• _Task details_: Copy exactly. Begin with the line that contains "PM Hasina gives" and stop after the last line of the records.
*** Opening Given entries ***
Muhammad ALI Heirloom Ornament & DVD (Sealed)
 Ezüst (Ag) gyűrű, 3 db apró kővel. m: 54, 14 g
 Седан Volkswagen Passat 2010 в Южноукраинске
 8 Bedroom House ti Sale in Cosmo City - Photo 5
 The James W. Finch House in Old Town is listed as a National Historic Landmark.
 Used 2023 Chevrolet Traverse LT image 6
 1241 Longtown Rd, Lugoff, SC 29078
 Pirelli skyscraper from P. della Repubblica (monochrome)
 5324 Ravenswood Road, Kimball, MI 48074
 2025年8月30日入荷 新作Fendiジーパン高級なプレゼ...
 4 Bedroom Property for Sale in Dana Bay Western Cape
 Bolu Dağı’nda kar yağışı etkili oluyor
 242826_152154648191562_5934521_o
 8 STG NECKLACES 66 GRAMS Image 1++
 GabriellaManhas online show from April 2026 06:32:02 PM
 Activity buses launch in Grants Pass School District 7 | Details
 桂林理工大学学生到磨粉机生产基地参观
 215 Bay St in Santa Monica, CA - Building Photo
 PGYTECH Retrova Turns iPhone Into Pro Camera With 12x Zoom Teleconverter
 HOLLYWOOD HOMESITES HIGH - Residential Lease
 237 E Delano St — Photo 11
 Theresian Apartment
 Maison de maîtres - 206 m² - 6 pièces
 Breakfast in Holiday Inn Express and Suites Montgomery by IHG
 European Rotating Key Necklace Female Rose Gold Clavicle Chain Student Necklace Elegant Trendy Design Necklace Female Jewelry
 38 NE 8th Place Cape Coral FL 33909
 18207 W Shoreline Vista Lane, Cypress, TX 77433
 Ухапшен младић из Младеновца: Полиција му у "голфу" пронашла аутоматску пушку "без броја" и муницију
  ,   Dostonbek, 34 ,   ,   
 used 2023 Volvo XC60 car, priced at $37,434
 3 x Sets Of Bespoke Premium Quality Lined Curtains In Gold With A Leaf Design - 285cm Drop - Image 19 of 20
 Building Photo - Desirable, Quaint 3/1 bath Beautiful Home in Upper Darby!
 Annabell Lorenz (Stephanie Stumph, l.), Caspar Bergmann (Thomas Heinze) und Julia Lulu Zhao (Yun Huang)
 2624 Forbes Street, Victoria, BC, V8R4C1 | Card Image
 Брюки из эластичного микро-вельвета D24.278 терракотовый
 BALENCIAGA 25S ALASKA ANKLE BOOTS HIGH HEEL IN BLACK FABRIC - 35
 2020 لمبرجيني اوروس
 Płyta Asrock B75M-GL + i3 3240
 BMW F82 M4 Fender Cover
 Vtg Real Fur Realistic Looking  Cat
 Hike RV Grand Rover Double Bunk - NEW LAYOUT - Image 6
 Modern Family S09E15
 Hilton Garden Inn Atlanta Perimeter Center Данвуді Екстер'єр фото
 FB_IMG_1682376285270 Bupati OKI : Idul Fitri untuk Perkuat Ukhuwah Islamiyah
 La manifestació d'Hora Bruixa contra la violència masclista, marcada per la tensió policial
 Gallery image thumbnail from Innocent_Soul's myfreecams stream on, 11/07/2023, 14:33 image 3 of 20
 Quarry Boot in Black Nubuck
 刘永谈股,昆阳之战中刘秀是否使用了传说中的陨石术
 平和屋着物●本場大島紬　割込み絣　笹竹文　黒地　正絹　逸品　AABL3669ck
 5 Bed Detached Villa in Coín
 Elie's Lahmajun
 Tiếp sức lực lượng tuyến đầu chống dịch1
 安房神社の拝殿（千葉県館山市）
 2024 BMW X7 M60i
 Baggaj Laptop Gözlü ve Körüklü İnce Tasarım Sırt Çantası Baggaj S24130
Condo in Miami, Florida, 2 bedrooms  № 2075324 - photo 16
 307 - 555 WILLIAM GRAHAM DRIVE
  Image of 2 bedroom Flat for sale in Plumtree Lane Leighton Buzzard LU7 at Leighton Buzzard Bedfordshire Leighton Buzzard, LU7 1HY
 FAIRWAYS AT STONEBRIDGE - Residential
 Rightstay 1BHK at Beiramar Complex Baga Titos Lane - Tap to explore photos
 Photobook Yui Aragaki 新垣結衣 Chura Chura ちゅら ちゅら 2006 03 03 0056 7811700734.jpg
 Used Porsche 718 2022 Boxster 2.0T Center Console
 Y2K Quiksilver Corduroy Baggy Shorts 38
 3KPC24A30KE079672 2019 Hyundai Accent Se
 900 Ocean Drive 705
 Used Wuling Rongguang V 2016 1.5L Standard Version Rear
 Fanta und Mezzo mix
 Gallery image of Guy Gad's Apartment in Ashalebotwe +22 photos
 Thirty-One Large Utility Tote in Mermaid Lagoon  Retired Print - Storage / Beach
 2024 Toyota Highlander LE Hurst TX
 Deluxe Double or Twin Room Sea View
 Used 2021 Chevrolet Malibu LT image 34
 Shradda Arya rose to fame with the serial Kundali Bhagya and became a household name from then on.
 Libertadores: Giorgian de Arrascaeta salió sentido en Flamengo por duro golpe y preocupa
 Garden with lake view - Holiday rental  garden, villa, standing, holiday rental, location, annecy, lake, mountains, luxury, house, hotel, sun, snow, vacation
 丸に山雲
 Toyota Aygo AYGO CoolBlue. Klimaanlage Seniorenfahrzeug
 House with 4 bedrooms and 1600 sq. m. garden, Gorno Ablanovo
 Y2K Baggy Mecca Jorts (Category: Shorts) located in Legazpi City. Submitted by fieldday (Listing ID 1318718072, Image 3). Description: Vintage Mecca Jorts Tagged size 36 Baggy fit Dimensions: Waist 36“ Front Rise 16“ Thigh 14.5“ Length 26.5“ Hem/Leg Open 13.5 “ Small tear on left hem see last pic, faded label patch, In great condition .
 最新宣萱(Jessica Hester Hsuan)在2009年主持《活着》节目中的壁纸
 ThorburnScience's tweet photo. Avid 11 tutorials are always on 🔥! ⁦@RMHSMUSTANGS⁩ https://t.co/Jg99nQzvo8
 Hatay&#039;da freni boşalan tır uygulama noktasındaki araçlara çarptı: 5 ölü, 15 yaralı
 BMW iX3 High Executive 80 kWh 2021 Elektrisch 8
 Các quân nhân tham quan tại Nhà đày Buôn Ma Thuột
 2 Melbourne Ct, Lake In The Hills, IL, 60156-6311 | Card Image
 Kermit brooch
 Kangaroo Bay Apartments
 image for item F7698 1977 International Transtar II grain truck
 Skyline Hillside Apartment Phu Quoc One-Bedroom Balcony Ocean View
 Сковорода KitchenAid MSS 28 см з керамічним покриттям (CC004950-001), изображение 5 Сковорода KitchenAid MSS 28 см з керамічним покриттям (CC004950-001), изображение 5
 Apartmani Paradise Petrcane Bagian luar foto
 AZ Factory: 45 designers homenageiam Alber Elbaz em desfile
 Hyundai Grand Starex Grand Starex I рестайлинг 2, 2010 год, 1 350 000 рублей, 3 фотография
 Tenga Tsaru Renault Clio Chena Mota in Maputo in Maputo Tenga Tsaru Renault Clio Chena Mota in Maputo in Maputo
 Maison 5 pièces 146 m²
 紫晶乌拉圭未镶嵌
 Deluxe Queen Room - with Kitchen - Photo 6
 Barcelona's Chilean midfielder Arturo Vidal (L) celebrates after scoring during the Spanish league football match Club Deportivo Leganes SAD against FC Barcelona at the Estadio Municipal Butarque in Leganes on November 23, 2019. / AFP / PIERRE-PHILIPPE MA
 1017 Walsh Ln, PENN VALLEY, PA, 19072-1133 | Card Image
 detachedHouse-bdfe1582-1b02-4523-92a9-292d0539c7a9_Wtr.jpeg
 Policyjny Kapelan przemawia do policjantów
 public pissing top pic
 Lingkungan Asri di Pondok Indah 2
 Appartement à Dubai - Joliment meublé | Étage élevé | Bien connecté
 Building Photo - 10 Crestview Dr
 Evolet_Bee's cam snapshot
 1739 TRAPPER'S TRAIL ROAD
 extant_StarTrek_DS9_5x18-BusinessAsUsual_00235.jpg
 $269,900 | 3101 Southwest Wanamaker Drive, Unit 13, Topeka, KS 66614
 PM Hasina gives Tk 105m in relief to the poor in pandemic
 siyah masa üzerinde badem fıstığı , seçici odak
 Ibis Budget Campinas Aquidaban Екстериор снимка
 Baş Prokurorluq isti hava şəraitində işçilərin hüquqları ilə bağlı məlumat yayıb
*** Closing Given entries ***
• _Answer to this problem_:
 PM Hasina gives Tk 105m in relief to the poor in pandemic
 siyah masa üzerinde badem fıstığı , seçici odak
 Ibis Budget Campinas Aquidaban Екстериор снимка
 Baş Prokurorluq isti hava şəraitində işçilərin hüquqları ilə bağlı məlumat yayıb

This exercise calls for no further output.